During bad times, as consumers feel the pinch, they begin to search for change. Companies need to focus on actions that take advantage of the opportunities that change brings about.

Branding in a tight economic environment is all about investing in consumer retention and attraction. Most companies cut back in every area of the business and start slashing prices to accommodate the shifting demand curve. While this may help in the short-term, this strategy can actually damage the company and its brands in the long run.

Not everyone automatically loses out in an adverse economy. In a poor economic climate, companies must recognise that consumer retention and attraction is the name of the game.

You must invest in brand-building to win market share, not just mind-share or margin. Those who fail to see consumers as an appreciating asset may soon find their brands and business devalued or defunct.

Brands are valuable in good times and in bad. During tough times, your brand may be considered by consumers who would otherwise not take notice or see relevance.

As consumers begin evaluating their purchases on a different set of priorities, heritage brands can use emotional connections to regain past consumers who have moved on to high-end brands.

Typical reaction

Abandoning or neglecting your brand as markets tighten, only makes matters worse. Historically, companies who properly support their brands with cost-effective measures can retain and even gain share in the face of lower-priced alternatives.

These same companies will be best positioned to enjoy the fruits of their labour when the economy inevitably returns to growth. Decisions should be focused on spending wisely, but too often companies do nothing at all.

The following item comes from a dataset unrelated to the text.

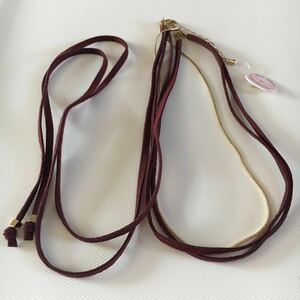  new goods unused Mon tresor Gold color & Brown 3 ream leather cord choker necklace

A company's typical reaction to a slowing economy is to cut back and wait till things are sorted out. Ironically, the companies end up damaging their most valuable assets - their brands.

Implementing an internal program that encourages employees to 'live the brand' brings a company together by providing clarity.

This simple effort can boost employee morale and ensure that their efforts stay focused and on the brand.

Historically, companies which invested in their brands during hard economic times retained their core audience, attracted new consumers and emerged stronger in the end.

Branding cannot be reserved as an exercise in times of growth. To be effective it needs constant maintenance, perhaps even more so in times of crisis. Take care of your brand and your brand will take care of you. Neglect it and you'll immediately feel the ill-effects.